* _Problem to solve_: Exactly the lines from the first line of the records to the line holding "Baumwolljersey mit Lochstickerei Alina" should be duplicated, and nothing more; pictures stay out.

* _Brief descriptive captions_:

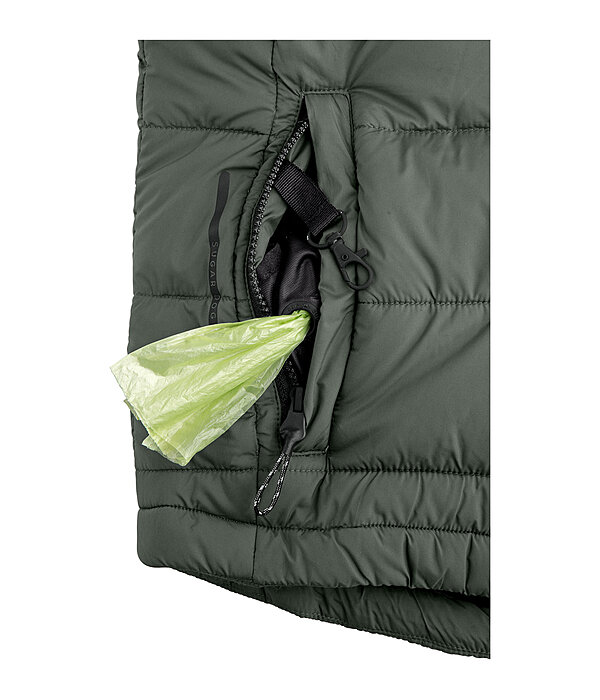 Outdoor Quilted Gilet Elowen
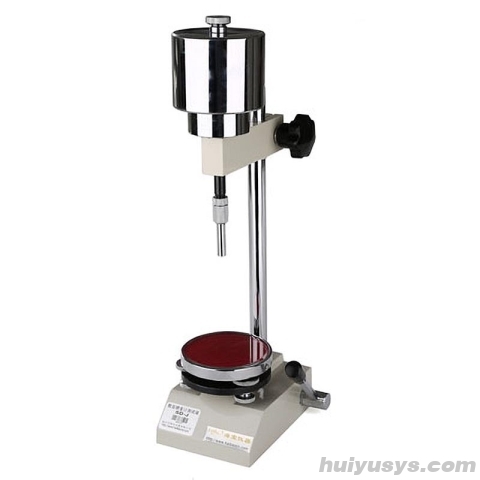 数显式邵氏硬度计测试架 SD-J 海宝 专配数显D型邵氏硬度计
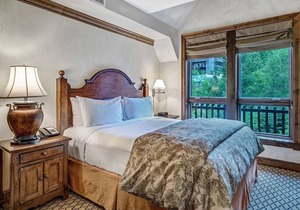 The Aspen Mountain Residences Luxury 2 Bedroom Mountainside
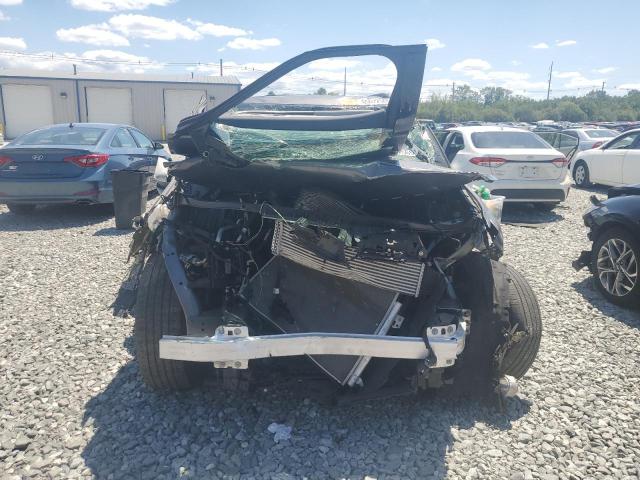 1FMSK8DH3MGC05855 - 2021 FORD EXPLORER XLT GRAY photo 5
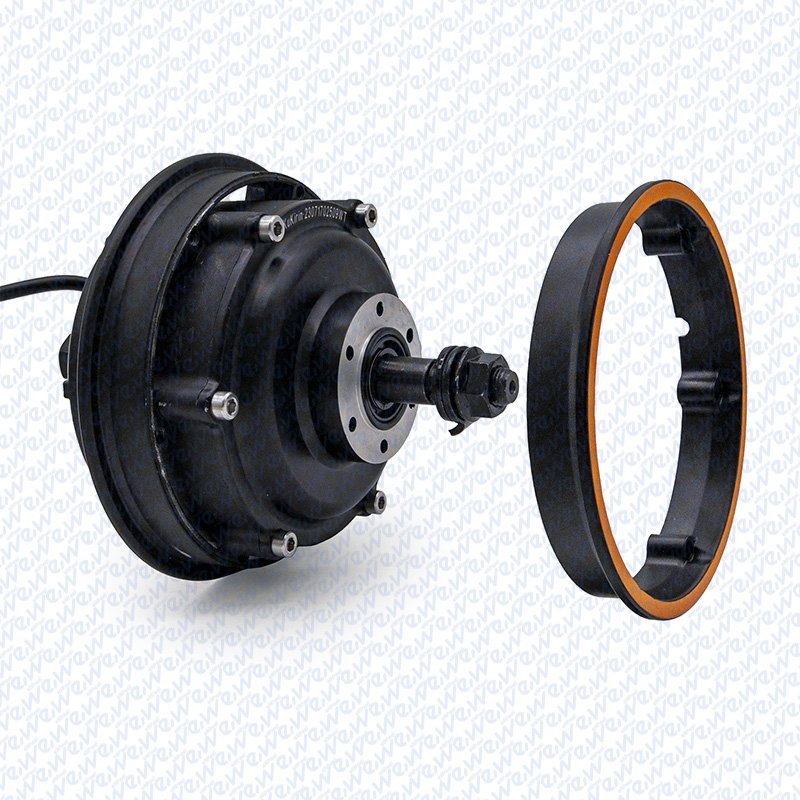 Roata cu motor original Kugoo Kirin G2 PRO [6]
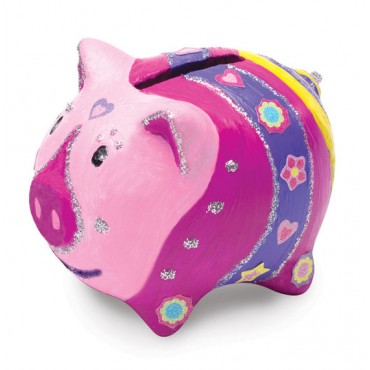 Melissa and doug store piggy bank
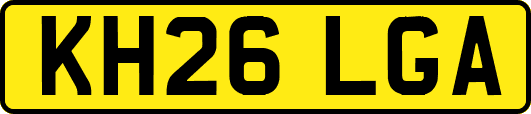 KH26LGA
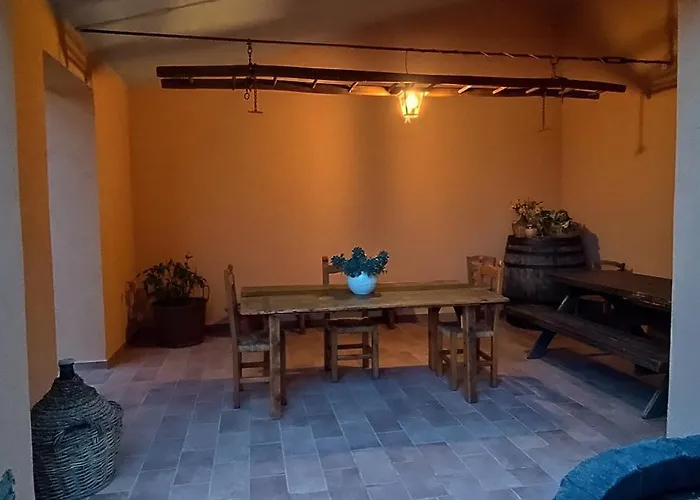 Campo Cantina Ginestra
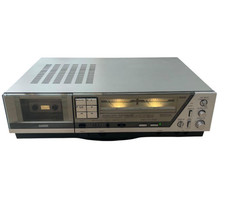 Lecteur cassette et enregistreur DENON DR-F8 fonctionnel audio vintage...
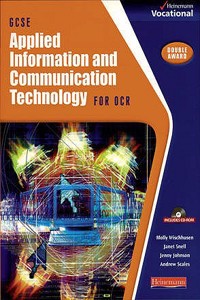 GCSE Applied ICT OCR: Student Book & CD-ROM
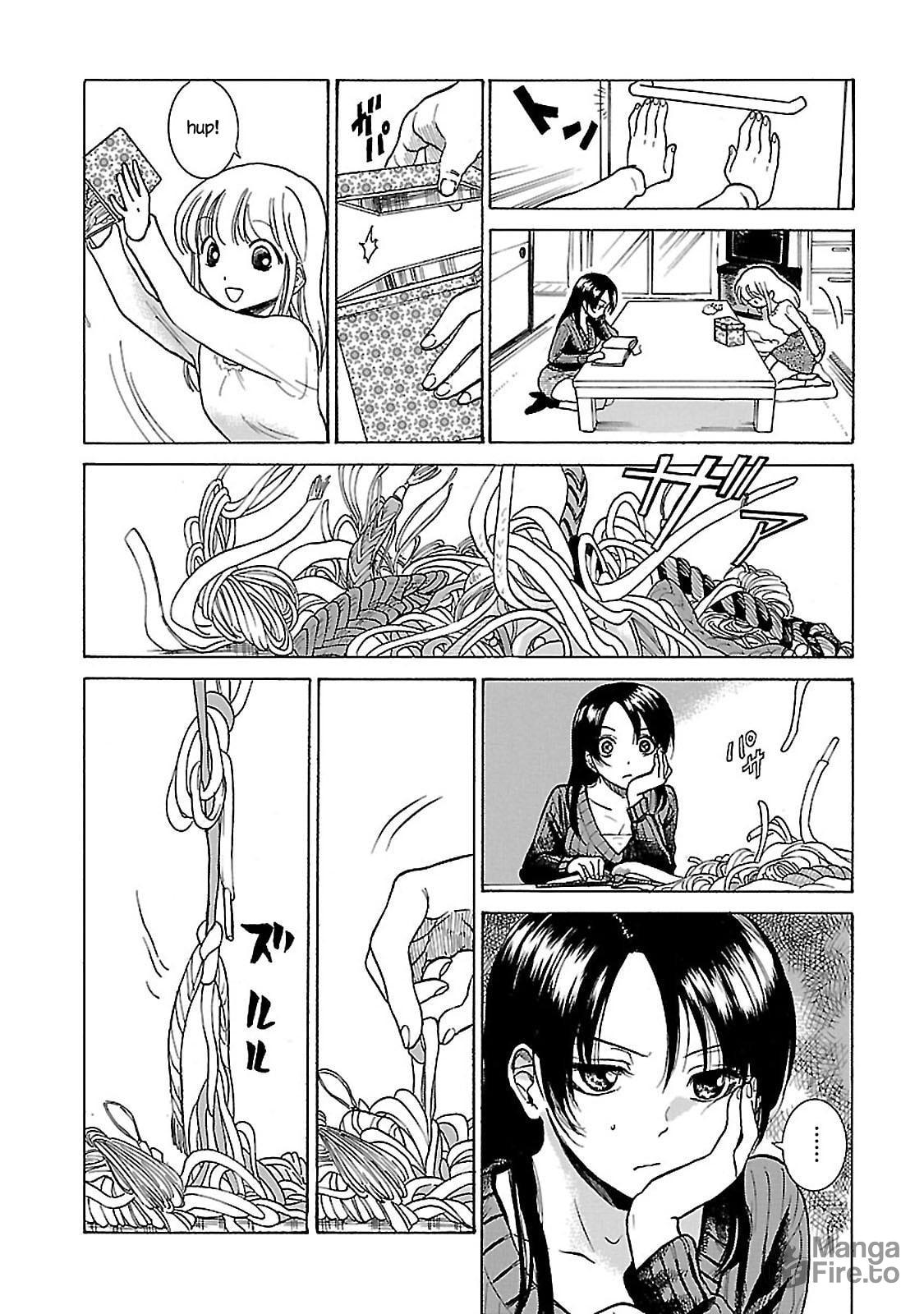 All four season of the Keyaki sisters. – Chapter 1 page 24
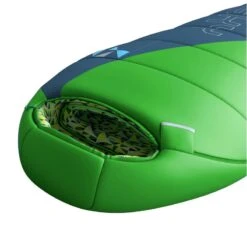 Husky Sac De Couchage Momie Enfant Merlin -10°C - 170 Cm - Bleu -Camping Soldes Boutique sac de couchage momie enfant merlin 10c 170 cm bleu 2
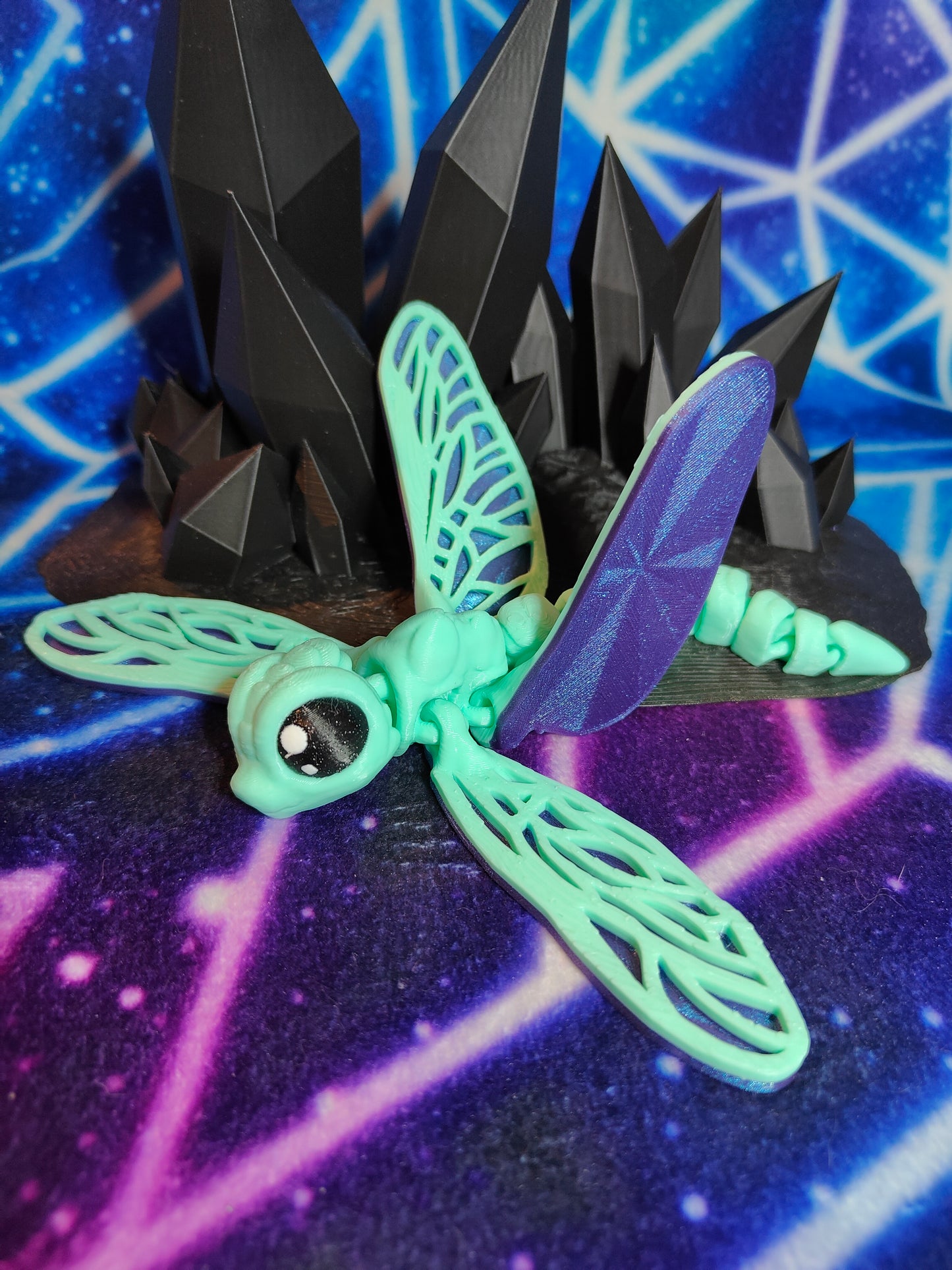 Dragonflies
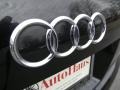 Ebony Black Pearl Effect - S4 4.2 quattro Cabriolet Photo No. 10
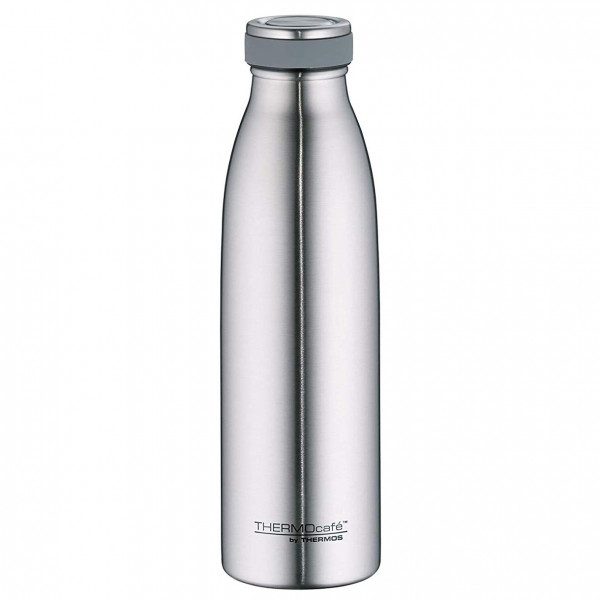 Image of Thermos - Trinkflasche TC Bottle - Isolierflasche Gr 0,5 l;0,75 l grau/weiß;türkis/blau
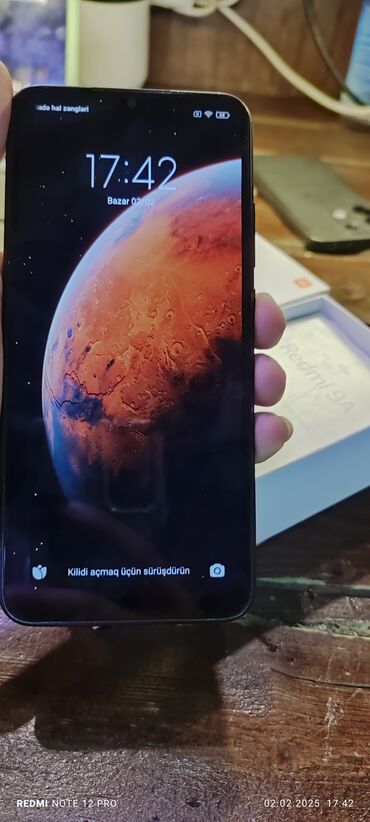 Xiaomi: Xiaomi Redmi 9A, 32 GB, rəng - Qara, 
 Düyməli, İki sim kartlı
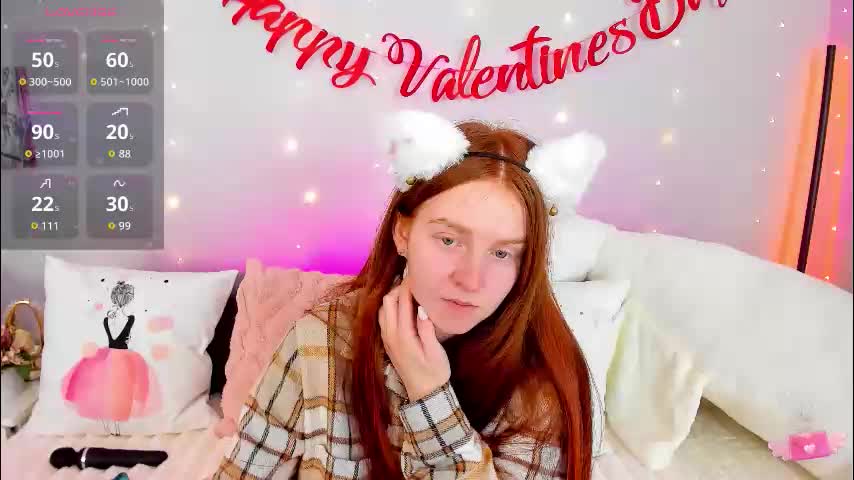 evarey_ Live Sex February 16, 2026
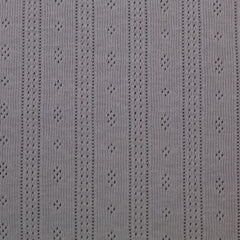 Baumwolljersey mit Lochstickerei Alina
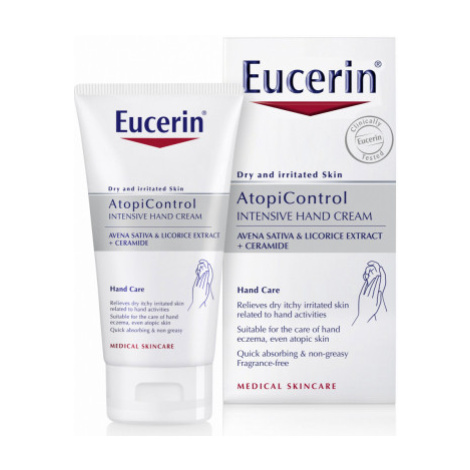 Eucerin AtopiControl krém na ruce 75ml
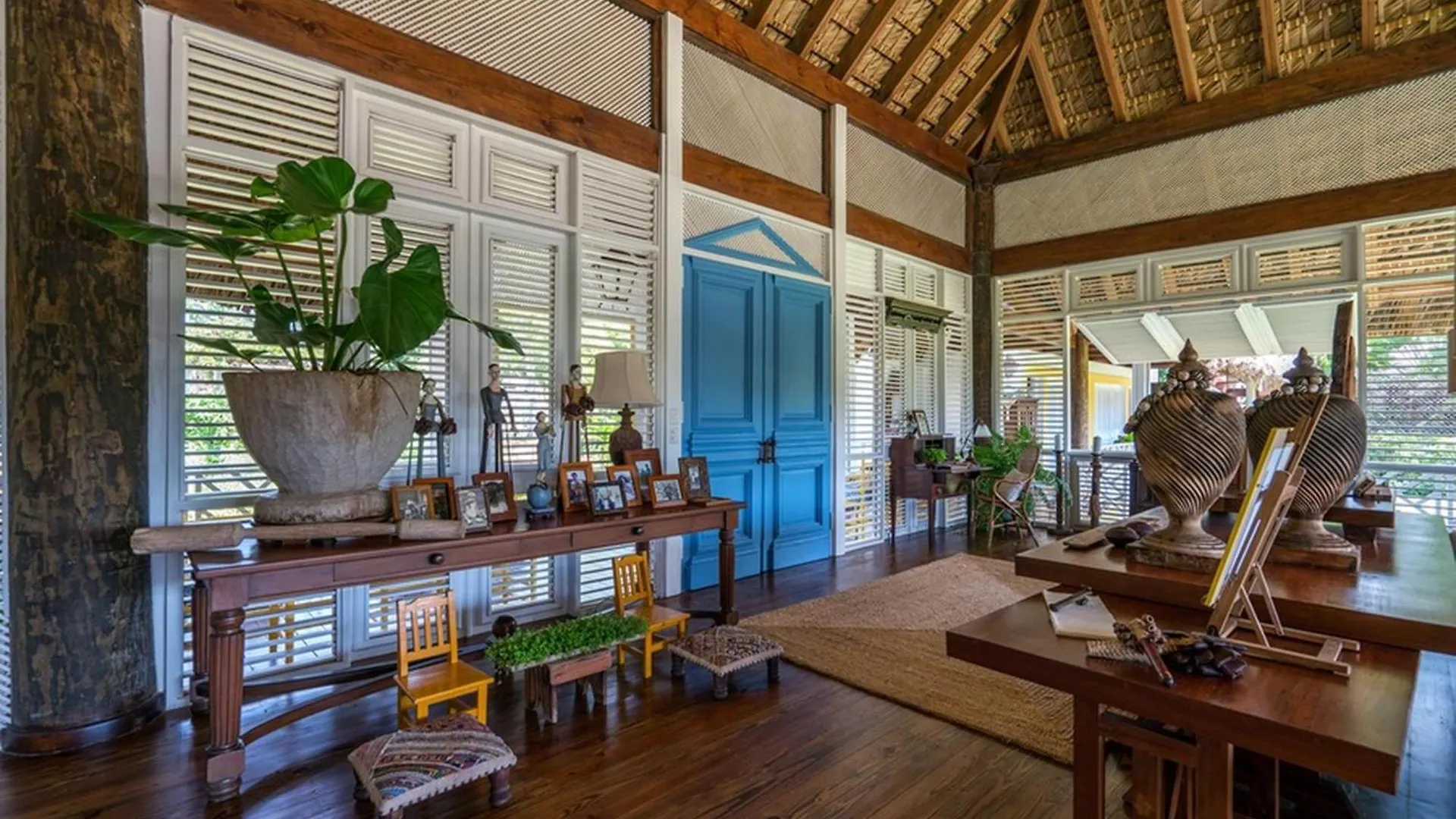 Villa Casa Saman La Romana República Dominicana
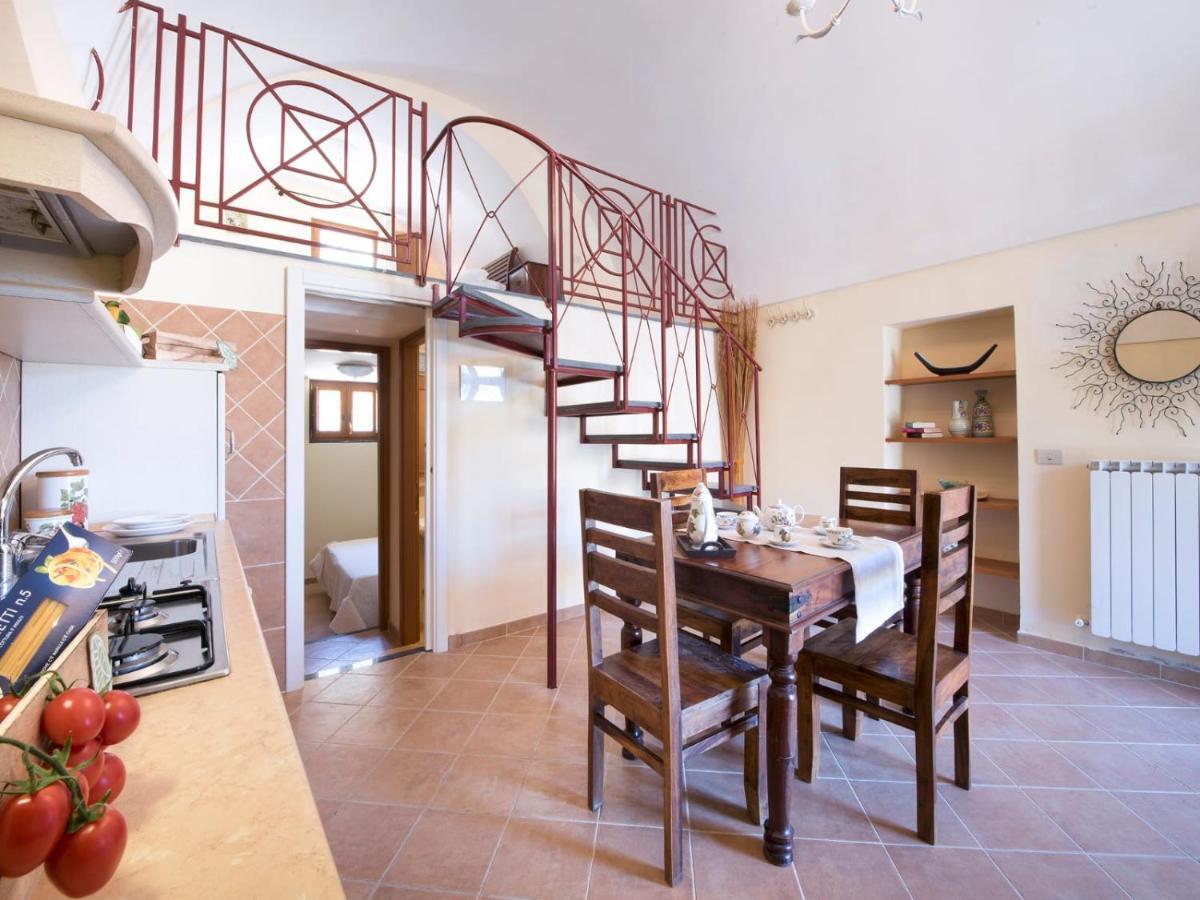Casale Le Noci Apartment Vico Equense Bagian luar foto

* _Response area_:
 Outdoor Quilted Gilet Elowen
 数显式邵氏硬度计测试架 SD-J 海宝 专配数显D型邵氏硬度计
 The Aspen Mountain Residences Luxury 2 Bedroom Mountainside
 1FMSK8DH3MGC05855 - 2021 FORD EXPLORER XLT GRAY photo 5
 Roata cu motor original Kugoo Kirin G2 PRO [6]
 Melissa and doug store piggy bank
 KH26LGA
 Campo Cantina Ginestra
 Lecteur cassette et enregistreur DENON DR-F8 fonctionnel audio vintage...
 GCSE Applied ICT OCR: Student Book & CD-ROM
 All four season of the Keyaki sisters. – Chapter 1 page 24
 Husky Sac De Couchage Momie Enfant Merlin -10°C - 170 Cm - Bleu -Camping Soldes Boutique sac de couchage momie enfant merlin 10c 170 cm bleu 2
 Dragonflies
 Ebony Black Pearl Effect - S4 4.2 quattro Cabriolet Photo No. 10
 Image of Thermos - Trinkflasche TC Bottle - Isolierflasche Gr 0,5 l;0,75 l grau/weiß;türkis/blau
 Xiaomi: Xiaomi Redmi 9A, 32 GB, rəng - Qara, 
 Düyməli, İki sim kartlı
 evarey_ Live Sex February 16, 2026
 Baumwolljersey mit Lochstickerei Alina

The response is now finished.